*WHAT IS REQUIRED*.
Extract the complete data exactly as given.

*PROVIDED DATA*.
'''

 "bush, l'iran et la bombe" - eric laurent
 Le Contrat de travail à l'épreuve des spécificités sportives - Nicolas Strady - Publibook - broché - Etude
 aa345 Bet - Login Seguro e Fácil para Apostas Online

'''

*RESPONSE TO THIS TASK*.
 "bush, l'iran et la bombe" - eric laurent
 Le Contrat de travail à l'épreuve des spécificités sportives - Nicolas Strady - Publibook - broché - Etude
 aa345 Bet - Login Seguro e Fácil para Apostas Online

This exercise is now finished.